Pusterla’s poems are replete with these graceful, unobtrusive yet powerful poetic means. Schutt does an excellent job overall, but there are one or two questionable renderings: Signora al bar becomes Woman at Café. Perhaps this works in American English but it sounds odd in the UK; desolata davanti al lutto is rendered as rattled by her grief (desolated in the face of the struggle might work); che arrivi da non si sa dove, da ponti/che non esistono più becomes you who come from nowhere, from bridges/ that have given way (perhaps from who knows where/from bridges which no longer exist); se i padroni/decidono disgrazia in the English is if the masters/court disgrace (why not if the bosses/ decide on misfortune ?); la cui estrema negazione finale becomes its final extreme string of no’s which, leaving aside the greengrocer’s apostrophe, might be more readily whose extreme final negation; the final line of the book is Un’ultimissima cosa which Schutt makes One more one last thing which could be one absolutely last thing. These and others may be quibbles, but Pusterla is such a careful writer it’s probably better to err on Nabokov’s side and render the meaning clearly. Literature in translation, even the rumbustious prose of Balzac, is always an approximation. Dante is a case in point: most of the translations mangle his work.  

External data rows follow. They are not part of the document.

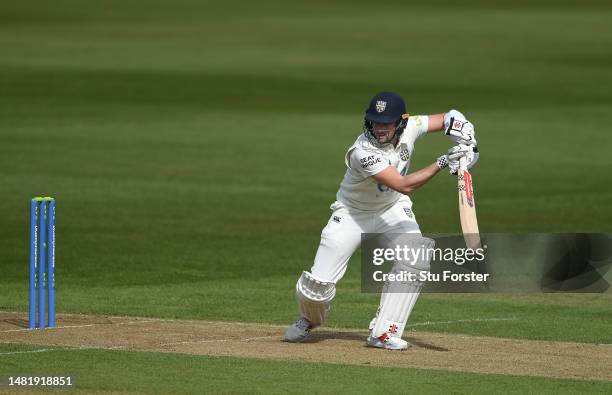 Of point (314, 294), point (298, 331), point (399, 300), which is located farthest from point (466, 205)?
point (298, 331)

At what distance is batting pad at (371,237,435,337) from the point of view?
1044cm

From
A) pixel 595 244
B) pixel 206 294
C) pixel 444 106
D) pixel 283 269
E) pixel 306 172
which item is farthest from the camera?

The final piece is a long poem in six sections, Dragonfly (Libellula). It’s partly an exploration of our place in nature: 

                                    How hopelessly cut off from words,
the green eye of the little lake, so green
its green appears improbable… 

Amongst the capacities which define us as human, language is arguably the most salient. It’s ours alone and no more than about fifty thousand years old. Everything which preceded it is, in a way, “hopelessly cut off from words”, which works both ways of course: we are cut off from  our pre-linguistic ancestors and their world.


                                    Is equilibrium found
in the absence of meaning, in the wise
surrender to the uncertain winds…?


We are part of nature, our human capacities pre-determined by it, but unlike other creatures we are our own problem because along with language come abstract thought and reflexive consciousness. Part three of the poem pulls it back to disturbing contemporary social reality:


“We’re doing a survey,
you got a minute?”


What do I think…
About all these foreign criminals seeking asylum?
Do I agree it’s time we clean house,
Build a beautiful wall for these Black and mongoloids? 

The interpolation of this section with its sudden foregrounding of human conflict, ignorance and prejudice brings sharply into focus the odd status of our species; nature may be red in tooth and claw but no other creatures let themselves down by failing to realise their endowments. Granted the capacity for reason, we deny it for the sake of delusions of supremacy. 

There’s a lovely, tender poem, Sand: 

                                   You don’t know this, but often I wake at night.
I lie next to you a long time in the dark
and listen to you sleep..


an exemplar of Pusterla’s modest, extraordinary poetic skill and the simple fastidiousness, dignity and elegance which are his hallmarks.